6月7日まで外出禁止を延長、ブエノスアイレス首都圏内は規制を強化

(アルゼンチン)

ブエノスアイレス発

2020年05月26日

アルゼンチンのアルベルト・フェルナンデス大統領は5月23日、オラシオ・ロドリーゲス・ラレッタ・ブエノスアイレス市長およびアクセル・キシロフ・ブエノスアイレス州知事と共同記者会見を行い、3月20日から導入している公衆衛生上の緊急事態による外出禁止令を、さらに6月7日まで延長すると発表した。

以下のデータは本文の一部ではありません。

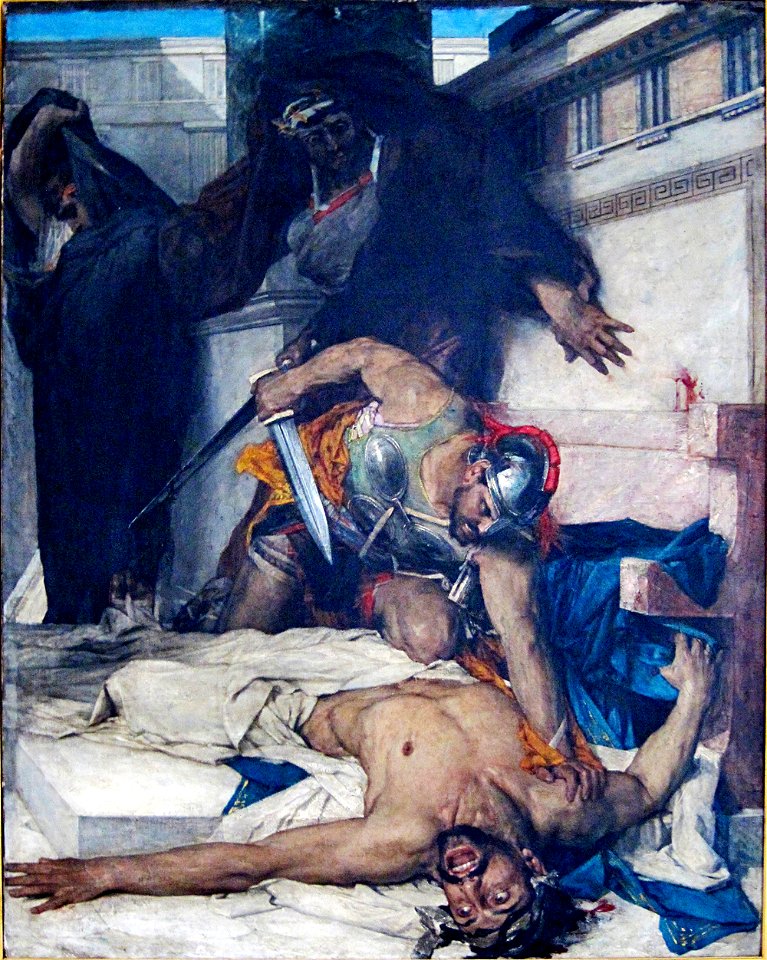 Lille comerre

外出禁止令の発令から65日間が経過し、国内の新型コロナウイルス感染抑制に一定の成果が出ているが、ブエノスアイレス市および近郊のブエノスアイレス州40都市で構成されるAMBA(ブエノスアイレス首都圏)に加え、北部チャコ州、南部リオネグロ州、中部コルドバ州の一部都市部では、感染者数の増加が確認された。特にAMBAでは、貧民街を中心に感染者数が2週間で5倍に増加するなど急増傾向にあることが明らかになった。このため、同地域での移動や公共交通機関の管理を強化し、人が密集する商店街での店舗の営業を規制する、と発表した。ブエノスアイレス市および州政府がAMBAにおいて5月26日から導入する規制は次のとおり。

  • ブエノスアイレス市と州との間の移動管理を強化。防衛・治安・医療・介護従事者など、必要不可欠な業務に従事する者以外の移動は規制する。
  • 公共交通機関は、必要不可欠な業務に従事する者のみが利用できる。
  • これまでの移動許可証は無効とし、連邦政府ウェブサイトまたは連邦保健省の自己診断・追跡アプリ「Cuidar」から新たに申請する必要がある。
  • ブエノスアイレス市政府が定める特定の商店街(人の密集が多い通り)では、食料・医薬品販売以外の店舗営業は規制する。
  • ただし、ブエノスアイレス市で実施している子供の週末の散歩は、継続する。

他方、AMBAやチャコ州、コルドバ州、リオネグロ州の一部都市部以外の地域については、感染の拡大が確認されない限り、外出禁止の緩和が実施されていく予定。フェルナンデス大統領によれば、これら感染者数が拡大してない地域では、事業活動の80%が既に再開している。

なお、外出禁止令が継続されることに、国民の不満の声が高まっている。今回の規制で、ブエノスアイレス市では約2万5,000店舗が再び閉店することになり、5月24日付の現地紙「エル・クロニスタ」によれば、ブエノスアイレス市商工業連盟は「営業規制によって中小企業では従業員解雇や倒産の加速が余儀なくされる」と訴えている。また、同日付「インフォバエ」紙によると、民間調査会社アナリティカは、国民の80%が借金を背負っており、収入も大きく減少していることで、ウイルス感染への恐怖よりも経済の先行きに不安を抱えている、と説明する。民間調査会社インベックは、新型コロナ感染拡大後の中南米で最も経済的影響を受けるのはアルゼンチンだ、と主張している。多方面からの訴えに対し、フェルナンデス大統領は「外出禁止令は必要なだけ継続させる」「人の命を優先する方針」だと、23日の記者会見において述べている。

保健省によれば、全国における5月24日午前時点の感染者数は1万1,353人、うち死者449人。ブエノスアイレス市の感染者数は5,006人、ブエノスアイレス州は3,864人で、2つの地域だけで、国内全感染者数の78%を占める。